PROBLEM REQUIREMENTS
Your reply should repeat all records verbatim and contain no images.

Captioned web image data:
-------

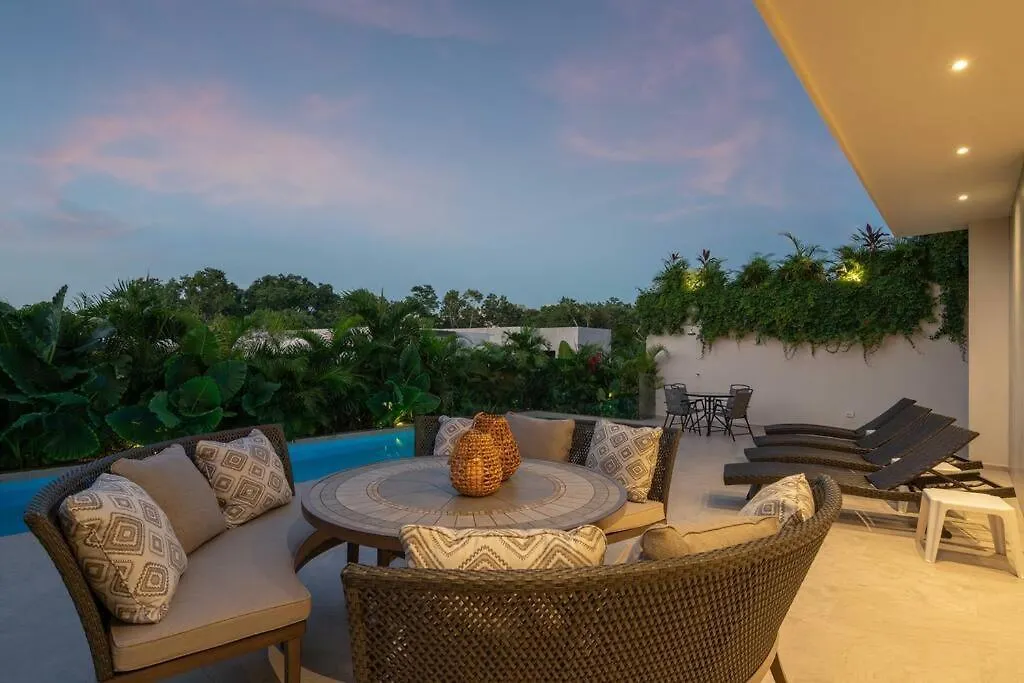 Villa Mon Arca 5Bd Private Pool Tulum Pueblo 0*,  Mexico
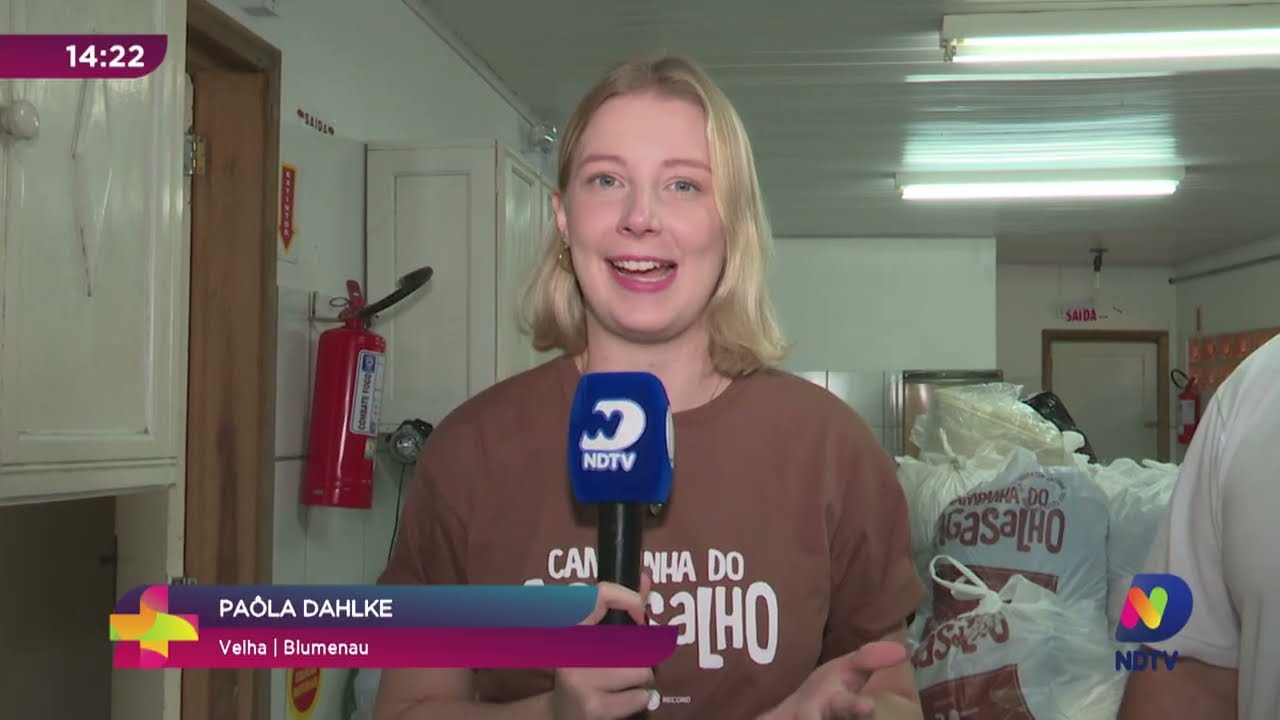 Campanha do Agasalho: Grupo ND entrega mais de 6 mil peças em Blumenau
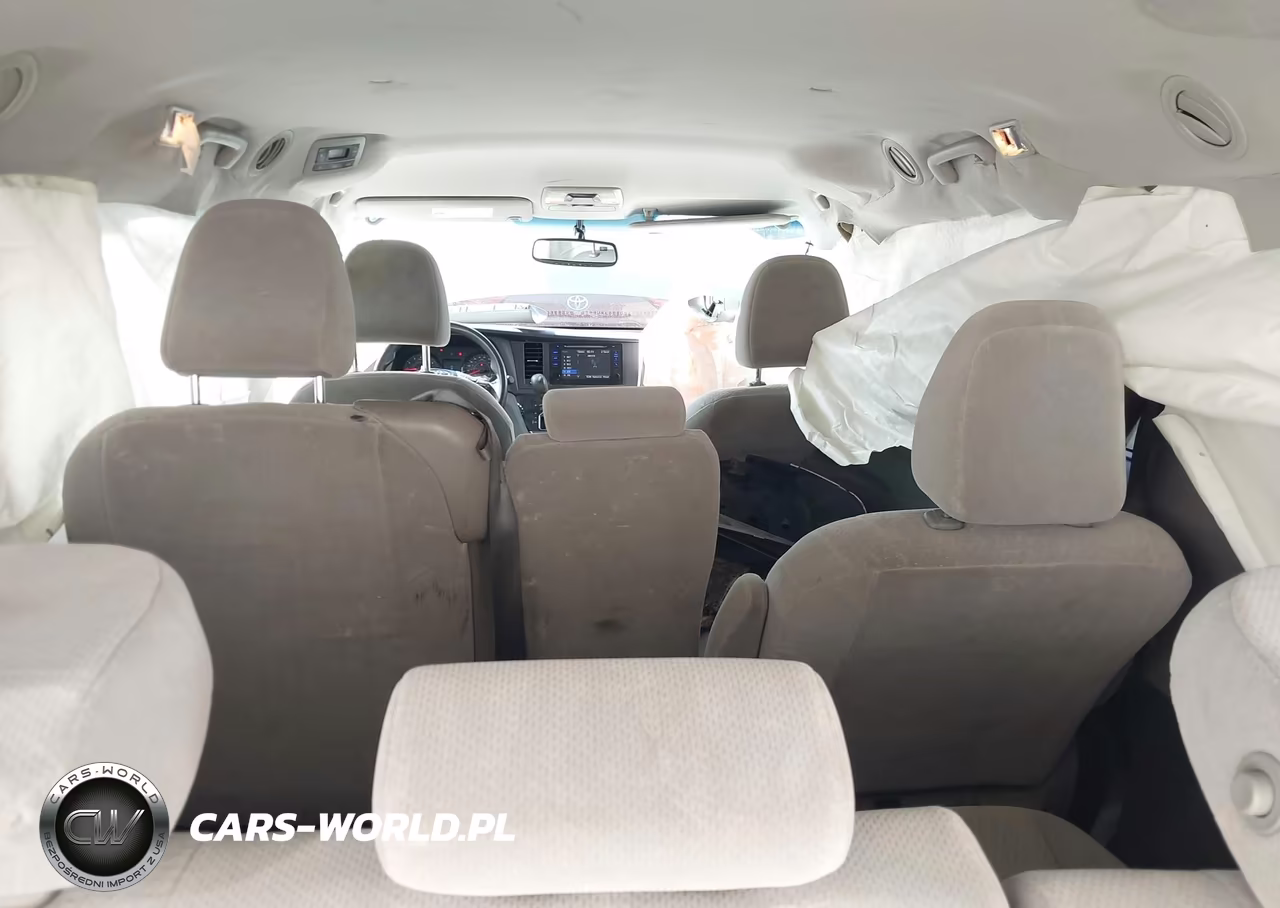 2015 Toyota Sienna Le 8 Passenger VIN:5TDKK3DC3FS555118 - 8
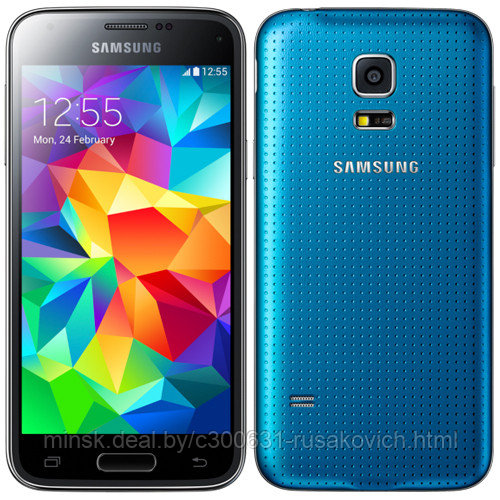 Дисплейный модуль SAMSUNG G800F (H) galaxy s5 mini черный/белый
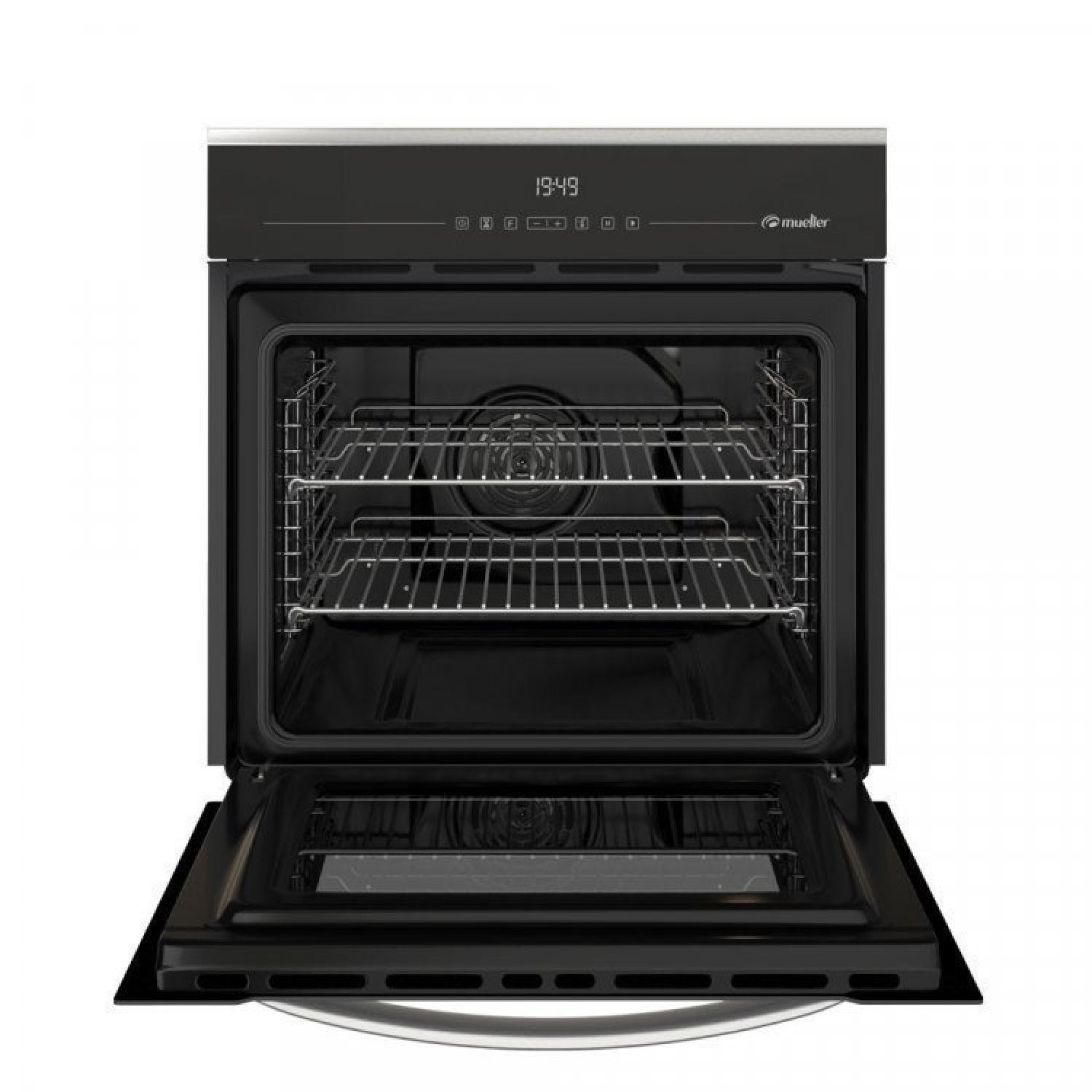 Conjunto Micro-ondas de Embutir 25l e Forno Elétrico Digital de Embutir 68l Mueller - 6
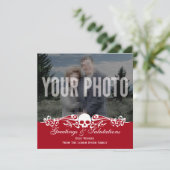 スカルカスタムフォトホリデイレッド シーズンカード (スタンド正面)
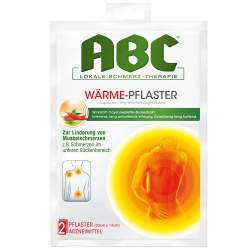 ABC Wärme-Pflaster Capsicum Hansaplast med 12x14 2 Pflaster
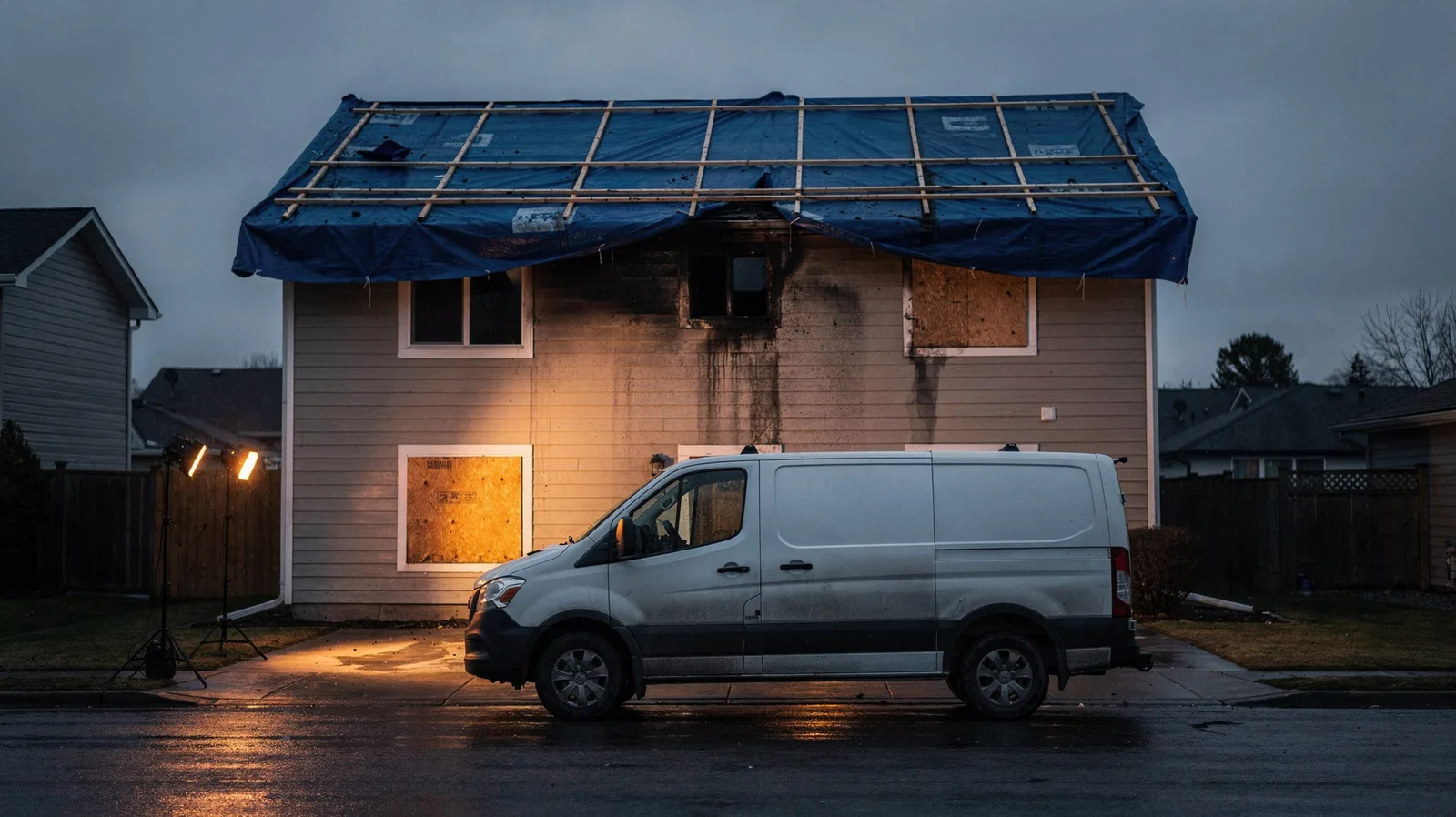 Fire Damage Restoration in Hartford, IL near me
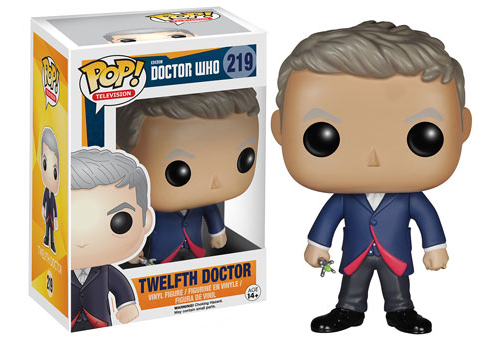 Twelfth Doctor Who Funko Pop Vinyls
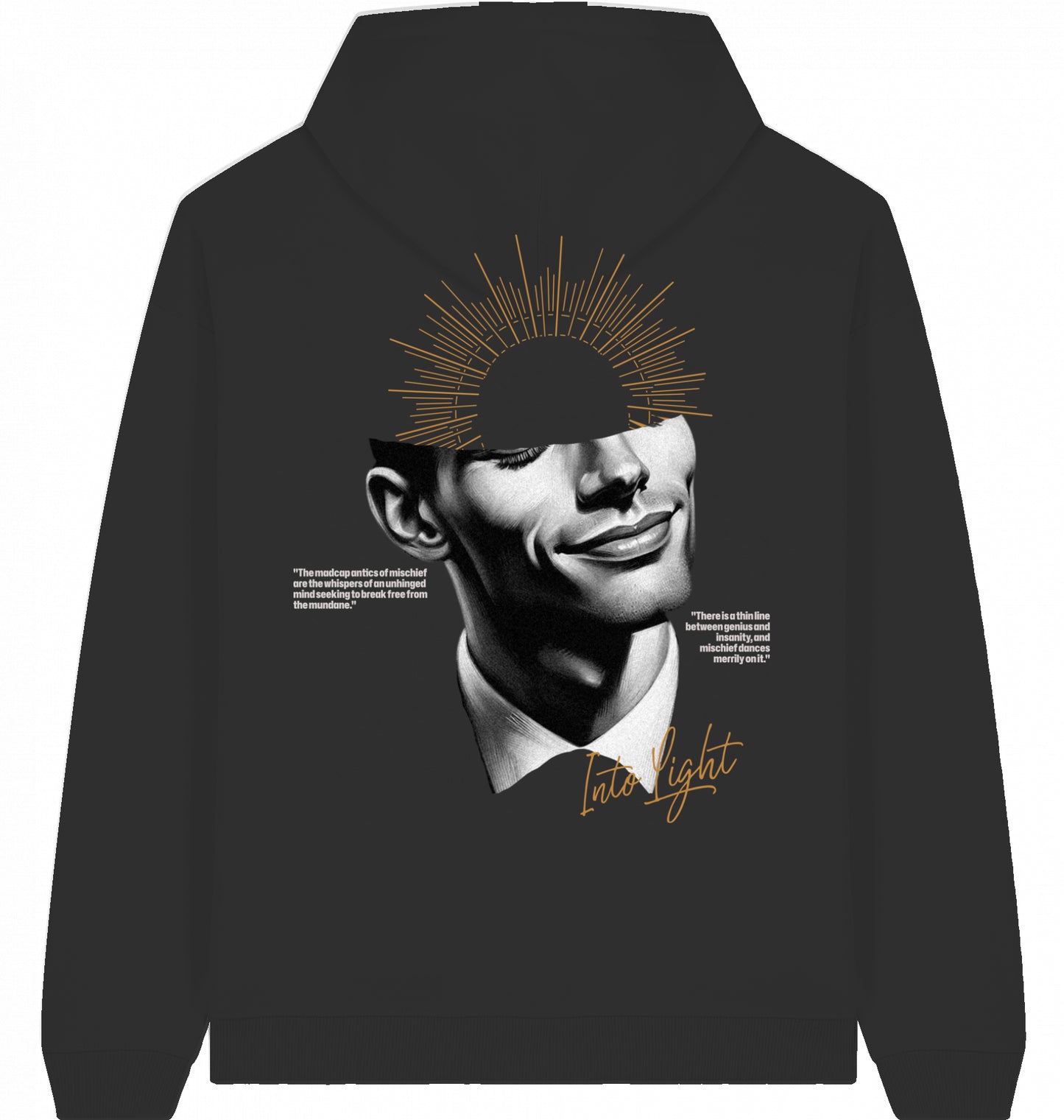 Oversize Hoodie - Shining Past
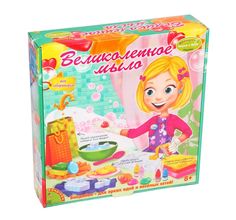 Набор для опытов Bondibon Французские опыты Науки с Буки Великолепное мыло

-------

FINISHED TASK
 Villa Mon Arca 5Bd Private Pool Tulum Pueblo 0*,  Mexico
 Campanha do Agasalho: Grupo ND entrega mais de 6 mil peças em Blumenau
 2015 Toyota Sienna Le 8 Passenger VIN:5TDKK3DC3FS555118 - 8
 Дисплейный модуль SAMSUNG G800F (H) galaxy s5 mini черный/белый
 Conjunto Micro-ondas de Embutir 25l e Forno Elétrico Digital de Embutir 68l Mueller - 6
 スカルカスタムフォトホリデイレッド シーズンカード (スタンド正面)
 ABC Wärme-Pflaster Capsicum Hansaplast med 12x14 2 Pflaster
 Fire Damage Restoration in Hartford, IL near me
 Twelfth Doctor Who Funko Pop Vinyls
 Oversize Hoodie - Shining Past
 Набор для опытов Bondibon Французские опыты Науки с Буки Великолепное мыло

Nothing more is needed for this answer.